LOWERY: (Singing) What can it be?

SIMON: But the band's label promptly folded, and Plant and See fell apart. So Lowery started another band called Lumbee, which scored a regional hit with the song "Streets of Gold."

(SOUNDBITE OF SONG, "STREETS OF GOLD")

LOWERY: (Singing) Oh no, go, oh, oh. I sit cold in the streets of gold in a heaven. The angels here where you (unintelligible) in heaven. Oh, there'll never be a better place...

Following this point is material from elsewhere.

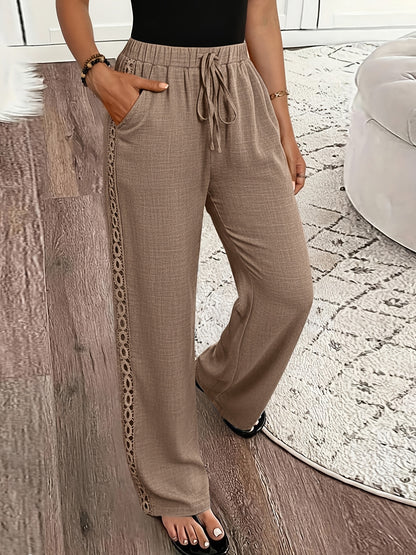 Women's High-Waisted Straight-Leg Casual Trousers with Side Tape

ROSE: Lumbee opened for the The Allman Brothers Band in the early 1970s, and Willie Lowery was invited to play with the Oak Ridge Boys. But he declined and moved back to North Carolina to raise a family. Gradually, Lowery built a second career, one focused on making music for and about his fellow Lumbee Indians.

JEFFERSON CURRIE: He was telling the community, here's your history.

ROSE: Jefferson Currie is a folklorist and a member of the Lumbee tribe. He says that in the 1970s, Lowery wrote songs for a musical about Lumbee history and a children's album called "Proud to be a Lumbee."

CURRIE: The title track is considered by many - myself included - as the Lumbee national anthem.

(SOUNDBITE OF SONG, "PROUD TO BE A LUMBEE")

LOWERY: (Singing) I can be a doctor, a lawyer, an Indian chief. Yes, I can. When I grow up into this world I will be just what I am.

ROSE: Malinda Lowery says her husband never regretted his decision to come home.

LOWERY: He understood the vagaries of music business, and had let the bitterness of that really go. So he would be very glad, I think, to see this level of interest in his own music, but really what he would be proudest of is what his children are doing.

ROSE: Lowery's three sons all followed their father into the music business. His son Clint plays guitar in the heavy metal band Sevendust. And while it might not have been Willie Lowery's favorite kind of music, Clint says his father was generous with his support and advice.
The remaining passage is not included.